- [Given information]:
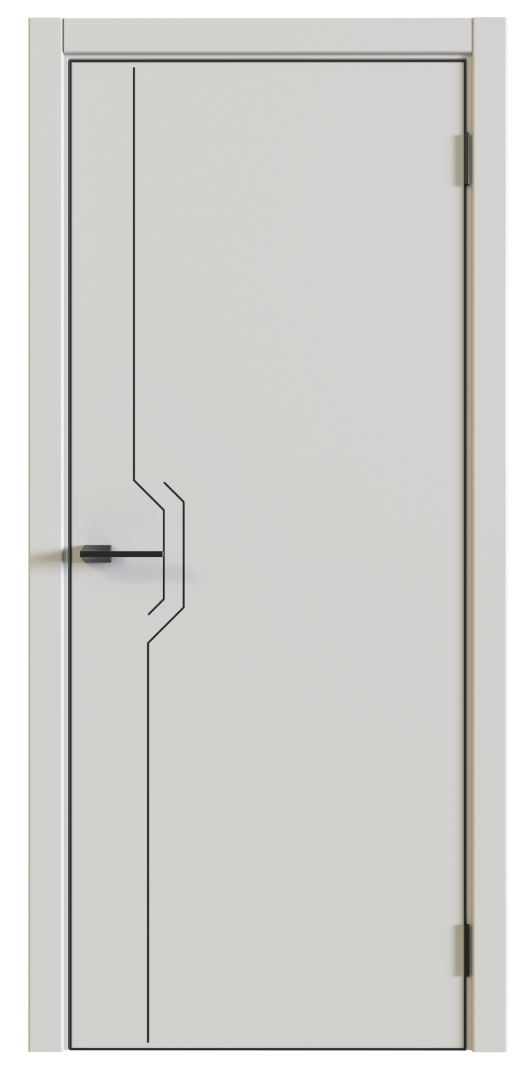 Bellezza Doors L-10
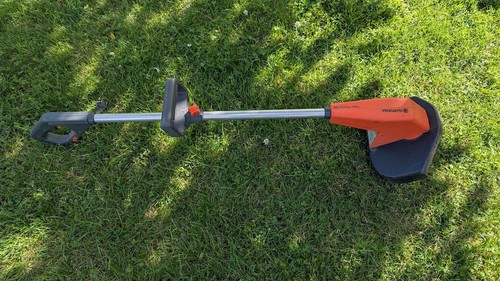 Gardena rasentrimmer 220v - rasentrimmer,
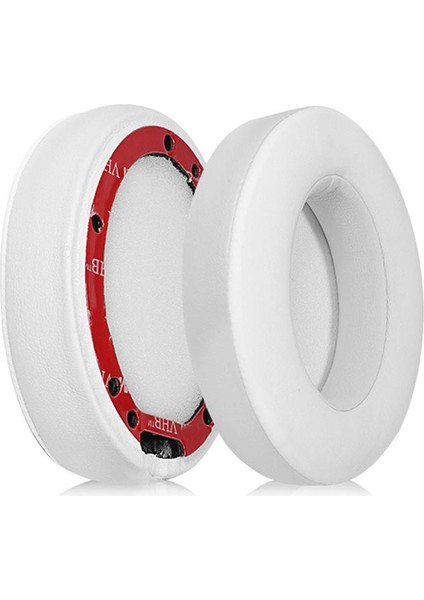 Beats Studio3 Için Buz Besleme G Kulak Pedleri / Beats Studio3 Için 2 Buz Hissi Jeli (Yurt Dışından)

- [Instructions to follow]:
The answer must be the whole listing, word for word, with no pictures in it. Please write it out.

- [Output for this task]:
 Bellezza Doors L-10
 Gardena rasentrimmer 220v - rasentrimmer,
 Beats Studio3 Için Buz Besleme G Kulak Pedleri / Beats Studio3 Için 2 Buz Hissi Jeli (Yurt Dışından)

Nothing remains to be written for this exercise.